É diante desse contexto que a II Jornada do Círculo de Estudos Psicanalíticos propõe-se a articular os seguintes eixos temáticos:
1) Memória, resistências e identidade;
2) Psicanálise e trabalho;
3) Experiências formativas em psicanálise
4) Psicanálise, raça, gênero, etnia e decolonialidade.
O objetivo geral é o de problematizar as múltiplas incidências da normatização da subjetividade na prática e na formação psicanalítica.

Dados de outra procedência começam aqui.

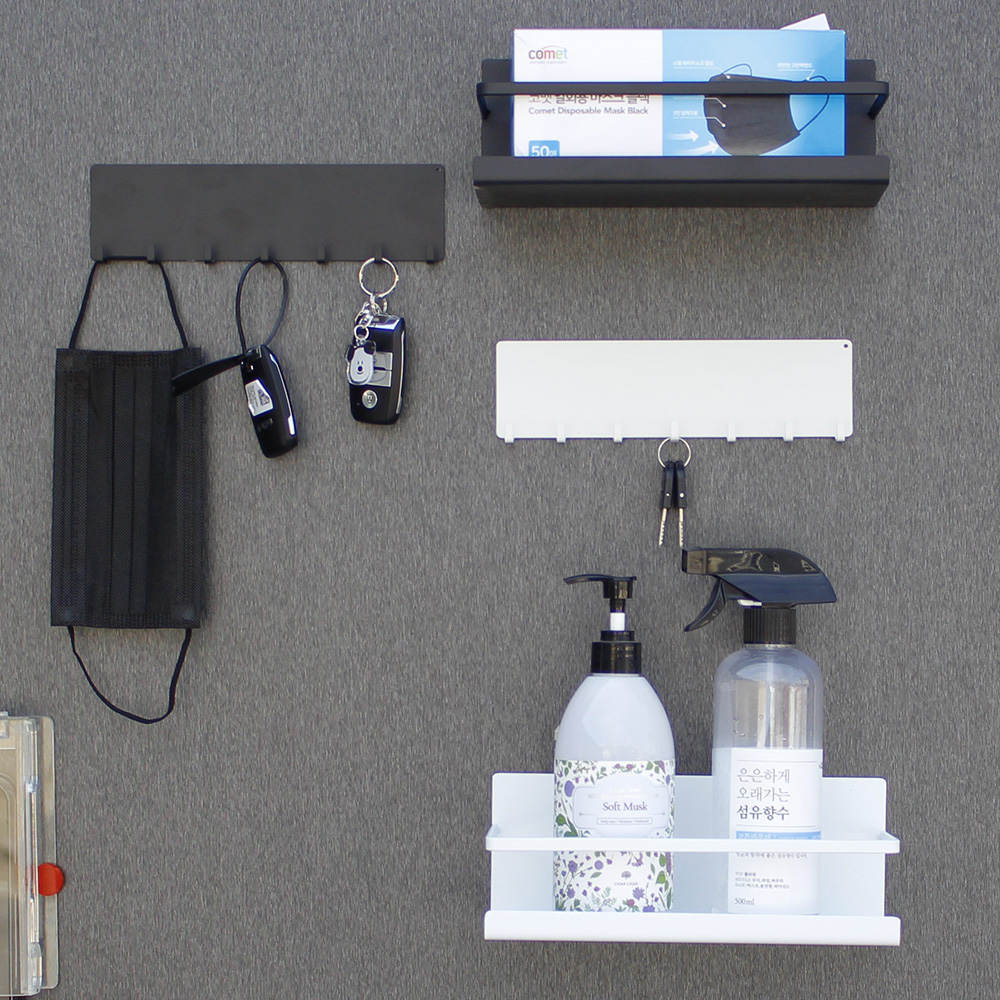 현관 무타공 자석선반 세탁실 냉장고 못없이선반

Ao considerar tanto os impasses históricos quanto os desafios atuais, a Jornada busca sustentar um espaço de reflexão crítica sobre os modos de transmissão da psicanálise, suas condições de acesso e os efeitos institucionais que incidem sobre o fazer do analista, reafirmando a especificidade da experiência analítica diante das tentativas de sua captura por discursos normativos.
Bibliografia:
FREUD, Sigmund (2014). A questão da análise leiga. In: FREUD, S. Obras completas, v. 14. São Paulo: Companhia das Letras, pp. 124-230. (Originalmente publicado em 1926).
LACAN, Jacques (1998). Situação da psicanálise e formação do psicanalista. In: LACAN, J. Escritos. Rio de Janeiro: Zahar, pp. 461-495. (Originalmente publicado em 1956).
LACAN, Jacques (1998a). A psicanálise e seu ensino. In: LACAN, J. Escritos. Rio de Janeiro: Zahar, pp. 438-460. (Originalmente publicado em 1957).
MAKARI, George. Revolução em mente: a criação da psicanálise. São Paulo: Perspectiva, 2024.